Che poi Céline racconti tutto con estrema naturalezza, accentuando gli elementi ironici e sarcastici, è parte del suo stile e proprio grazie a esso ha sempre mascherato quella vena sensibile, intima che attraversa i suoi racconti.
La sua guerra è in testa, in quella ferita che, una volta cicatrizzatasi, si manifesterà per tutta la vita attraverso violente emicranie. Questo elemento autobiografico è l’incipit del racconto, forse anche il tema dominante. L’estrema sessualità che Ferdinand sperimenterà nelle retrovie è, per l’appunto, quella forza cieca e istintuale che domina l’uomo nei momenti in cui deve salvarsi. Nessun nichilismo, nessun cinismo, ma un amore per la vita che si cristallizza per altre vie.
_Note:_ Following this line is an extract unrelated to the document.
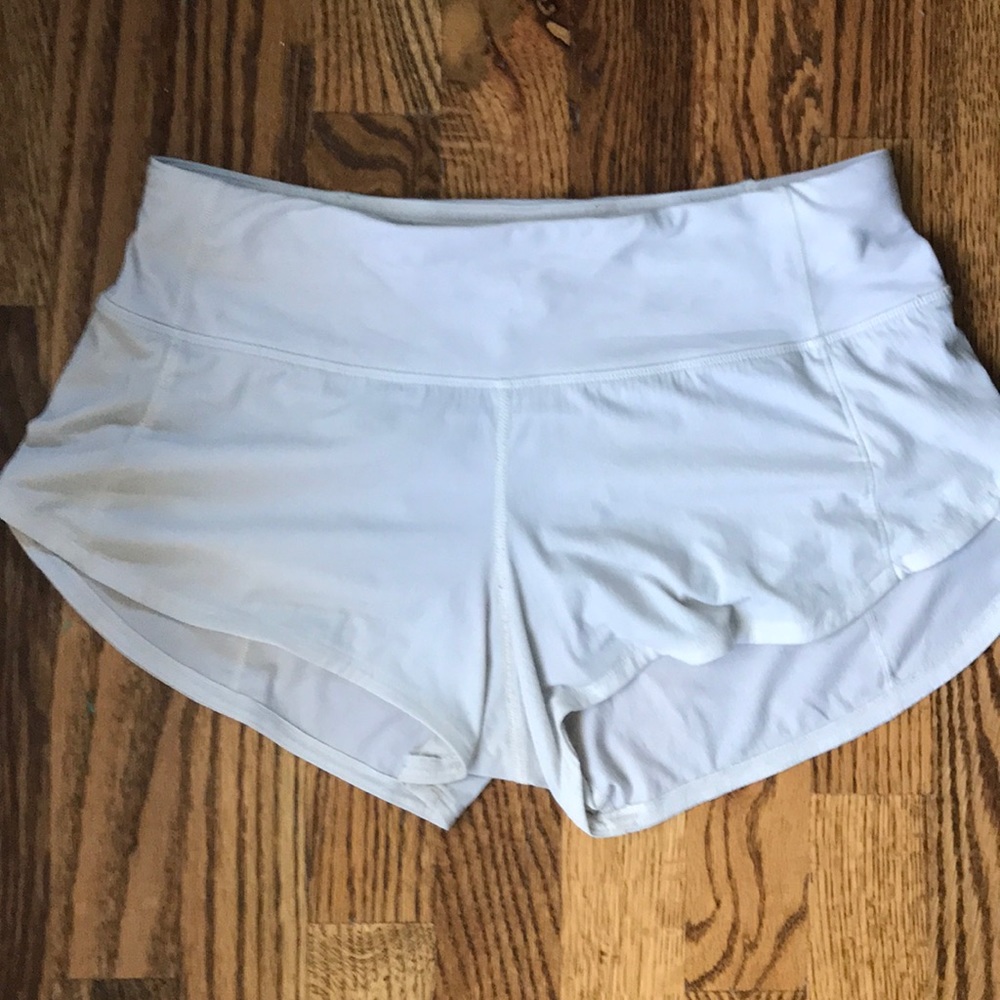 ✨Lululemon White Speed Up Shorts ✨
Senza volerlo, anche se non conosceremo mai le sue reali intenzioni, Céline scrive un romanzo che “puzza” di Schopenhauer, in cui la negazione della vita è espressione della stessa volontà di vita. Ed è così ben architettata e messa in mostra questa contraddizione, che appare chiaro come un romanzo del genere possa essere frutto solo dell’esperienza diretta dell’autore con la guerra. Vero, è un racconto; vero anche che molti elementi sono inventati; ma persino la fantasia ha bisogno della realtà e di qualcosa di empirico per esprimersi al meglio.
La guerra di Céline è una minaccia per l’individuo e per la specie umana, ma anche una dichiarazione di amore per la salvezza. Leggere questo “manoscritto” vuol dire comprendere la vena più “umana” dello scrittore francese.